Ariane, jeune fille russe (Ariane, A Russian Girl) is a 1920 novel by the French tennis player and writer Jean Schopfer, published under the pseudonym Claude Anet. It follows a young Russian woman who encounters a Don Juan and falls in love with him.

It was first translated into English in 1927 by Guy Chapman and published by Knopf. In 2023, New York Review Books published a new translation by Mitchell Abidor.

==Adaptations==
The novel has been adapted into film several times.
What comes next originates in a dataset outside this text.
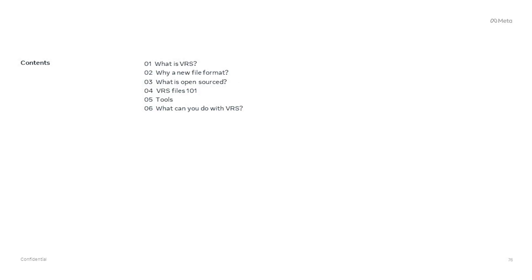Hello. My name is George Beranger. I'm a software engineer at Meta. I'm the main author and maintainer of the VRS open source project. Today I'm going to tell you what is VRS — you've heard that term used earlier in the presentation — why we need a new file format, what is open source, how VRS files look inside, what tooling we provide, and what you can do with VRS files outside of Project ARIA.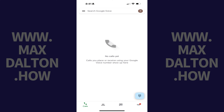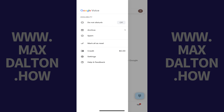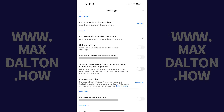Step 2: Tap the menu icon on this screen. A menu opens. Step 3: Tap Settings. The Settings menu is displayed.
In 1931, the German film Ariane was made, with an English-language version called The Loves of Ariane, and a French-language version titled Ariane, jeune fille russe. All three were directed by Paul Czinner, and starred Elisabeth Bergner. In 1957, Billy Wilder adapted the novel for his American film Love in the Afternoon. In 1970, Muzaffer Arlsan adapted the novel for his Turkish film Arım Balım Peteğım. The same year, it was also the basis for a Lebanese-Egyptian film called The Great Love, starring Farid Al Attrash and Faten Hamama. In 2011, Prabhu Deva adapted the novel for his Tamil-language films as Engeyum Kaadhal.

==In popular culture==
In Vladimir Nabokov's 1930 short novel, The Eye, two of the female characters are reading Ariane, jeune fille russe.